Maurizio Cattelan

Maurizio Cattelan est né en 1960 à Padoue, en Italie. Il vit et travaille actuellement entre Milan et New York. Sa pratique transversale, qui comprend l’usage de la sculpture et de la performance, la publication de revues (Toilet Paper) et l’ouverture d’espaces d’exposition (Wrong Gallery) font de cet artiste une des figures de proue de l’art de ces vingt dernières années. Dès ses débuts, Cattelan aime provoquer son public : ses œuvres sont constamment en équilibre instable entre la réalité et la fiction, le paradoxe et la transgression, l’humour et la tragédie. Cattelan vole, prélève, modifie, déplace, remplace, joue, dépasse les limites et perturbe notre horizon visuel habituel, avec une ironie macabre. Cattelan est aussi un fin connaisseur des mécanismes du monde de l’art et succombe volontiers à la tentation de s’en servir pour les prendre en dérision. Invité à la Biennale de Venise en 1993, il cède l’espace qui lui avait été imparti à une agence publicitaire (Travailler est un mauvais métier), alors qu’en 1999, il dirige la VIe Biennale des Caraïbes avec tout l’arsenal voulu de catalogues et conférences de presse pour les journalistes. Les seuls absents dans l’histoire : les œuvres et les artistes. Ces dernières années, Cattelan joue un nouveau rôle encore : celui de producteur et de curateur et en 2015, il a dirigé précisément l’exposition ‘Shit and Die’ au Palazzo Cavour de Turin.

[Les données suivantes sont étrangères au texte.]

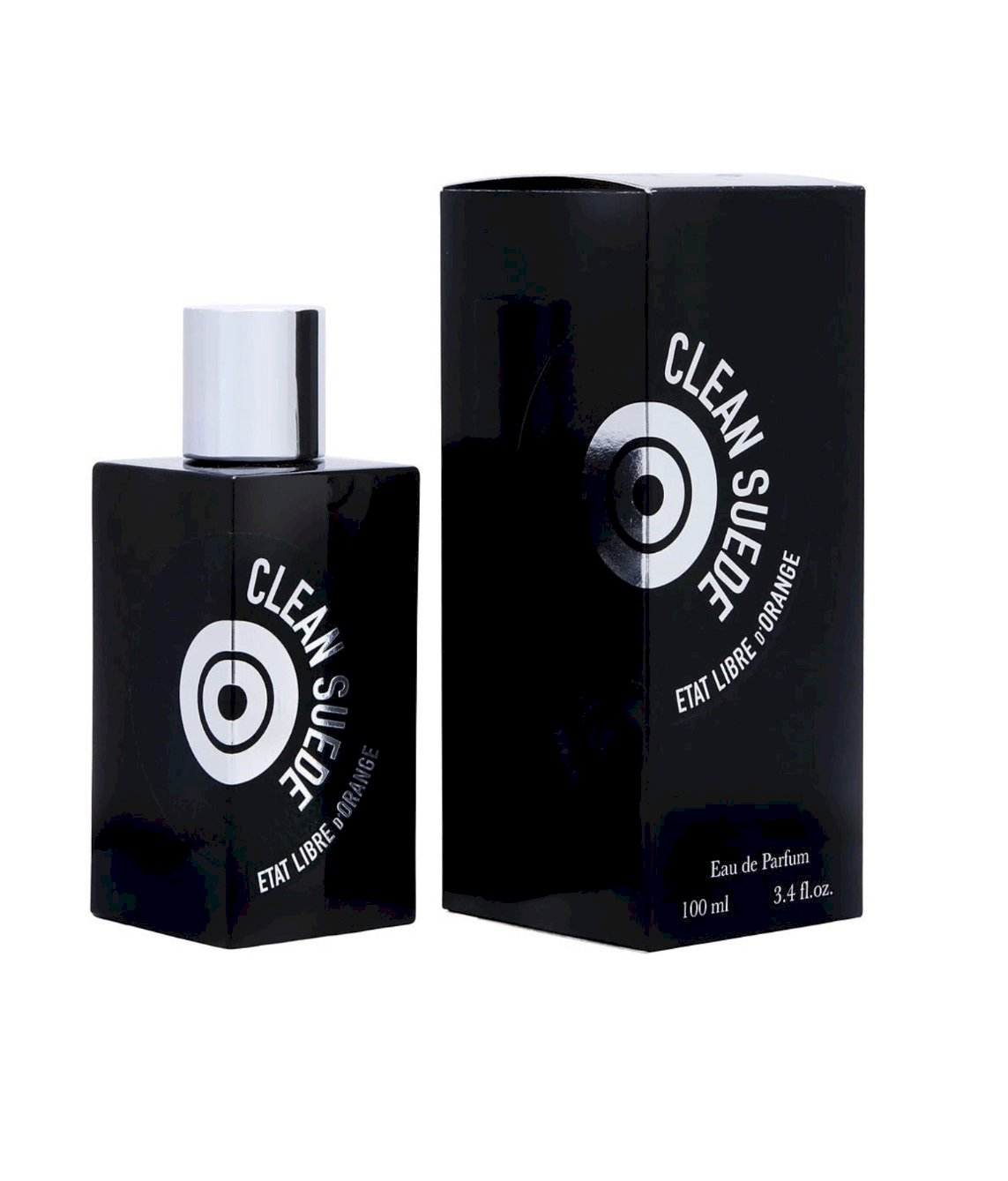 ETAT LIBRE D'ORANGE Etat Libre d'Orange Clean Suede Perfume EDP 100ml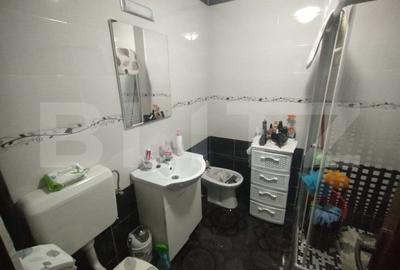 Apartament 2 camere,45mp,decomandat,balcon,la cheie,oras Beclean - 10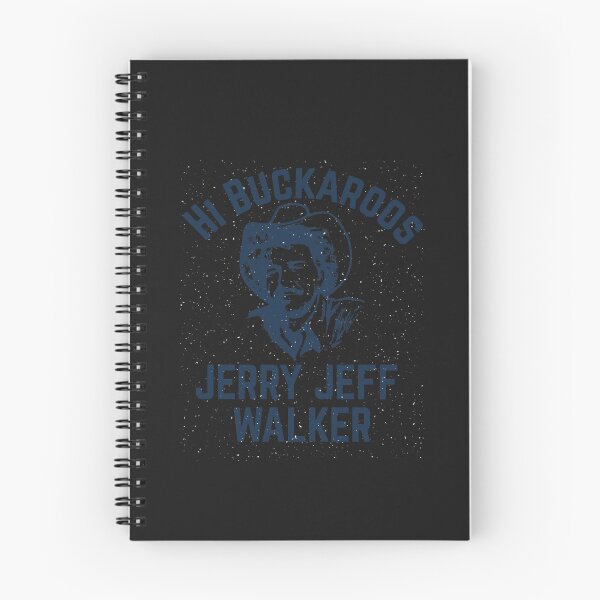 Item preview, Hi Buckaroos Jerry Jeff Walker Premium T-Shirt designed and sold by NiklasGehret.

En 2011, le Guggenheim de New York a organisé une grande exposition de Cattelan présentant près de 130 de ses œuvres en une cascade vertigineuse, au sein de la célèbre spirale de Frank Lloyd Wright. Parmi les expositions personnelles importantes de Cattelan, rappelons celles qui ont eu lieu auprès de la Fondation Beyeler, en Suisse (2013), de la DESTE Foundation for Contemporary Art d’Athènes (2010) et de la Tate Modern à Londres (2007). Ses œuvres ont été présentées à Punta della Dogana et à Palazzo Grassi à l’occasion des expositions 'Dancing with Myself' (2018), ‘Eloge du doute (2011-13), ‘Le Monde vous appartient’ (2011-12), ‘Mapping the Studio’ (2009-11), ‘Italics’ (2008-2009), ‘Une sélection Post-pop’ (2006-7) et ‘Where are We Going?’ (2006).